Dalam bahasa diplomasi modern (Roy:1991), empat prinsip itu terangkum dalam tiga model tingkah laku negara, yaitu cooperation, accomodation, dan opposition (kerja sama, penyesuaian, dan penentangan). Artinya, pilihan pemberian grasi Corby sejatinya sah-sah saja, apalagi dikaitkan dengan hak prerogatif Presiden. Namun dalam konteks diplomasi, ada sejumlah kelemahan yang susah disangkal sehingga akurasi diplomasi melalui pemberian grasi layak dipertanyakan.

Pertama; tak bisa dimungkiri muncul nuansa dan keyakinan dari banyak pihak bahwa kita terlalu tunduk pada kemauan negara lain. Ini misalnya tercermin dari pandangan Wakil Ketua DPR Pramono Anung  yang menyebut kasus ini tidak lepas dari tekanan dan lobi pemerintah Australia.
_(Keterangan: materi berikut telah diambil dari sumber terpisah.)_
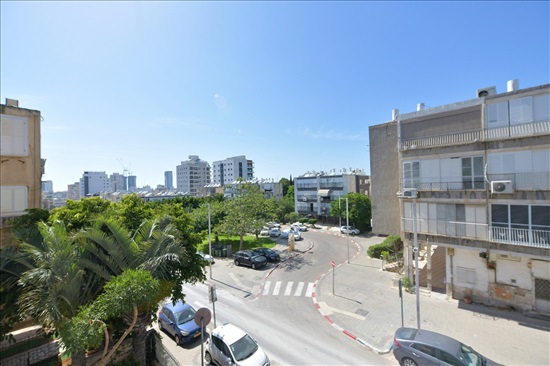 תמונה 4, דירה 5 חדרים למכירה בבת ים, ההגנה, בית וגן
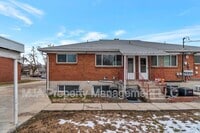 Building Photo - 2642-2642 S 800 E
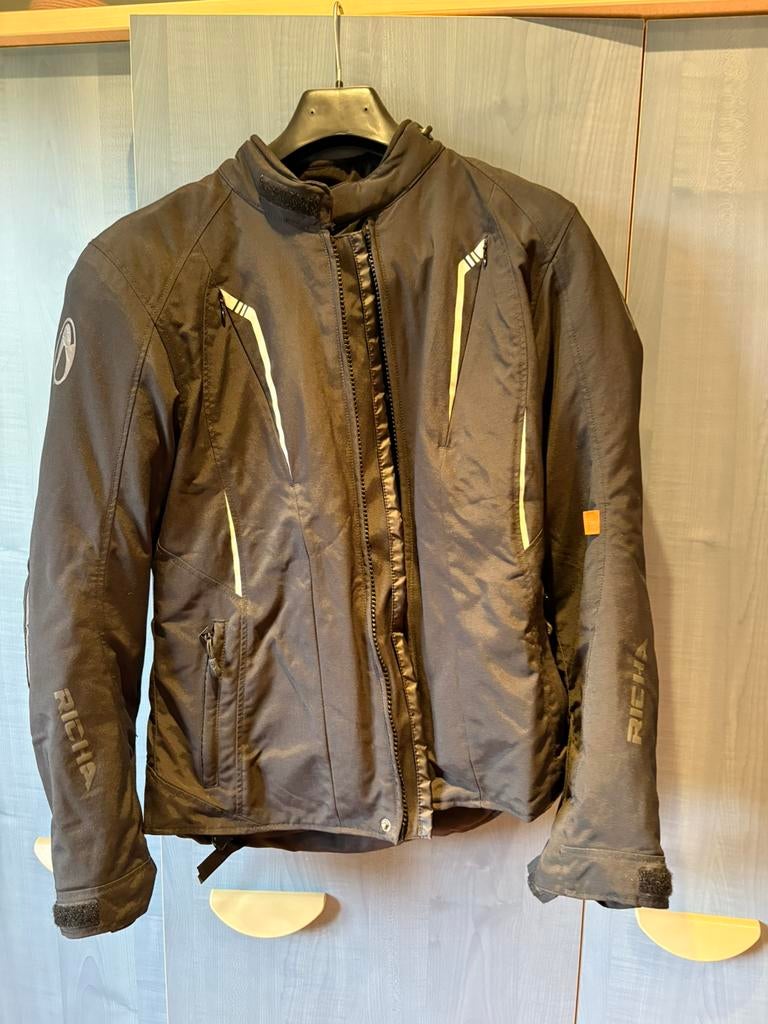 Vest moto Richa très peu servi, Enlèvement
Grasi terhadap Corby menjadi tidak lazim karena selama ini belum pernah terdengar ada pengurangan hukuman sebanyak itu bagi tahanan warga negara sendiri. Soal tudingan tunduk kepada tekanan pihak asing dan inferioritas ini merupakan problem besar yang dihadapi negara berkembang, seperti Indonesia dalam relasi dengan negara besar lain.

Akar Domestik

Kedua; ada logika yang kurang tepat kalau grasi dimaknai untuk tujuan diplomasi karena ini menunjukkan langkah negatif. Masalah permanen diplomasi adalah untuk mencapai ”kompromi” kepentingan dengan pihak lain.

Demi kepentingan nasional, kompromi itu seharusnya diperoleh lewat langkah positif, yaitu ”memaksa, menekan, dan meminta”, dan bukannya negatif yakni ”memberi”.
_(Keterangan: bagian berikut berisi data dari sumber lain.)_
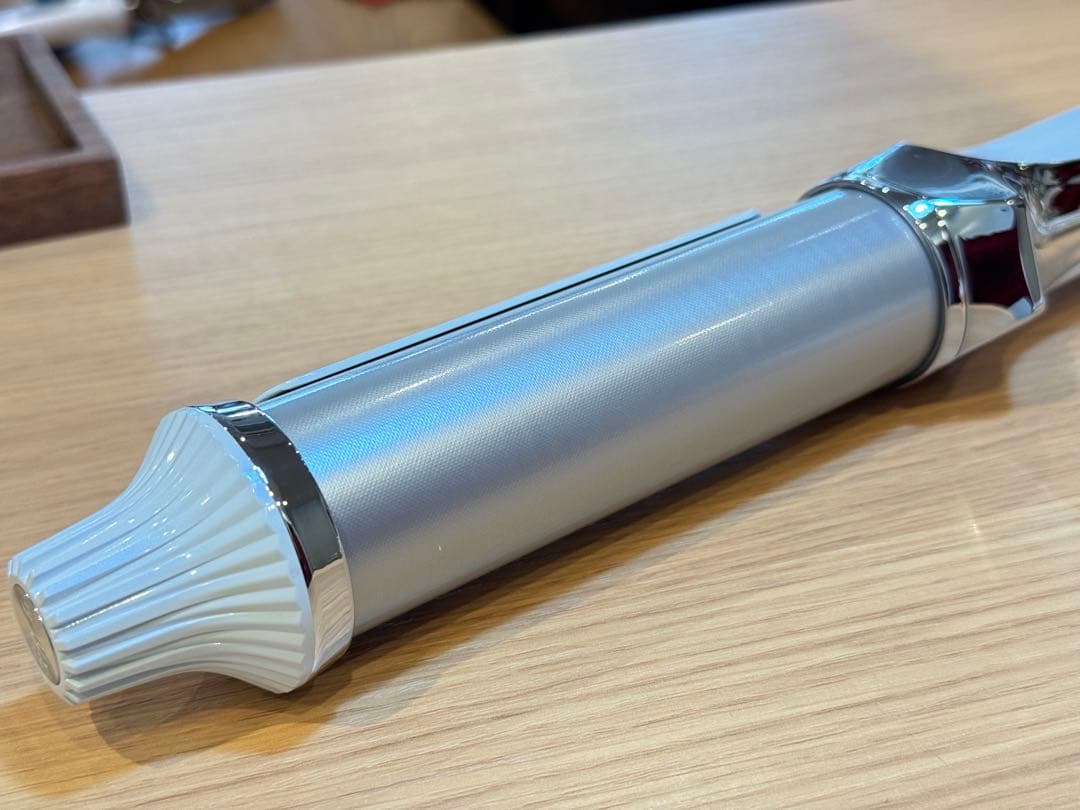 C7027【リファ】カールアイロンプロ RE-AV-02A 38mm 2024年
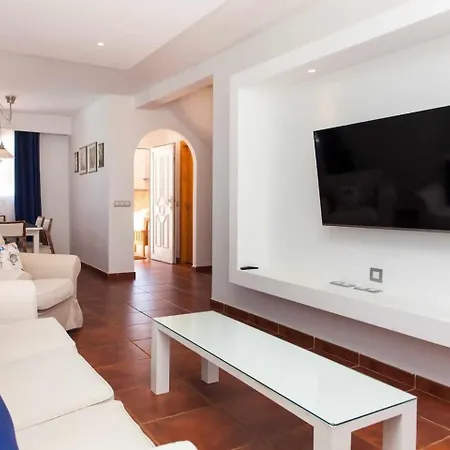 Emma - Private Pool Wifi Fibra Mini-golf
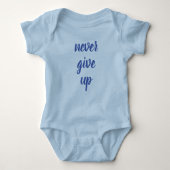 Custom Geef nooit op Tekst Sjabloon Funny Boy Romper (Voorkant)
Dalam perspektif realisme politik, pernyataan Menkumham bahwa pemberian grasi dimaksudkan agar Australia bertindak sama kepada WNI (Indonesia Headline: 26/5) menjadi terkesan naif dan mengiba-iba. Terlebih pada saat yang sama ia menolak tudingan barter. Saat ini banyak WNI berada di penjara Australia, termasuk nelayan, yang dituduh melakukan illegal fishing.

Bila  ingin melindungi WNI di luar negeri, terutama yang tersandung masalah hukum, yang seharusnya dilakukan adalah langkah strategis positif, seperti memberi pendampingan hukum hingga langkah diplomasi cantik lainnya.

Realisme politik internasional mengajarkan kepada kita bahwa kepentingan nasional hanya bisa dipenuhi dengan strategi self help, bukan mengharap kebaikan atau belas kasihan pihak lain. Bahkan realisme mengajarkan jika ingin damai bersiaplah untuk berperang.

Artinya jika tujuannya melindungi warga negara kita di negara lain maka yang seharusnya dilakukan, misalnya secara total berperang dalil sesuai hukum di negara itu.

Ketiga; politik luar negeri, termasuk diplomasi, tak bisa disandarkan hanya pada kondisi luar negeri (external setting) tetapi yang lebih penting juga harus dikaitkan dengan kondisi domestik (domestic roots).

Grasi untuk Corby kehilangan pijakan akar domestik karena timing-nya kurang tepat dalam konteks perang melawan narkoba.

Pada saat Indonesia all out memerangi jaringan internasional narkoba, SBY malah memberi grasi kepada terpidana kasus narkoba.